Cosa significa in pratica?

  1. Attenzione ai patti di prova: devono sempre essere stipulati per iscritto e contenere l’indicazione chiara delle mansioni. In mancanza, il patto è nullo e il rapporto diventa a tempo indeterminato sin dall’inizio.

  2. Licenziamento in prova non sempre libero: se il patto è invalido, il datore non può recedere ad nutum, ma deve dimostrare una giusta causa o un giustificato motivo. In caso contrario, il licenziamento è illegittimo.

  3. Reintegra anche nei contratti a tutele crescenti: dopo la sentenza della Consulta n. 128/2024, la reintegra attenuata si applica anche ai licenziamenti per insussistenza del fatto materiale, compresi quelli derivanti da patti di prova nulli.

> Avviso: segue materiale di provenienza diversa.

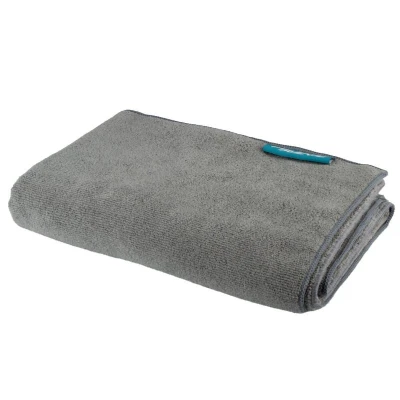 Avento MicroFibre 42AC športový uterák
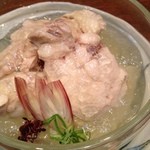 わかどり小林 - 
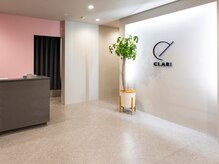 クラリ 徳重院(CLARI)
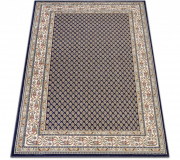 Синтетичний килим Amina 27003/810 - высокое качество по лучшей цене в Украине.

  4. Risarcimento: l’indennità va calcolata entro il limite massimo di 12 mensilità della retribuzione di riferimento, detraendo l’eventuale reddito percepito altrove dal lavoratore.

Conclusione

Questa sentenza conferma un principio chiaro: un patto di prova invalido non consente al datore di lavoro di recedere liberamente. Per le aziende è quindi essenziale redigere i patti di prova in modo corretto e conforme alla legge, indicando con precisione le mansioni. Per i lavoratori, la decisione offre una tutela concreta: se il patto è nullo, il recesso in prova è da considerarsi privo di giustificazione, con conseguente diritto alla reintegrazione (o all’indennità sostitutiva).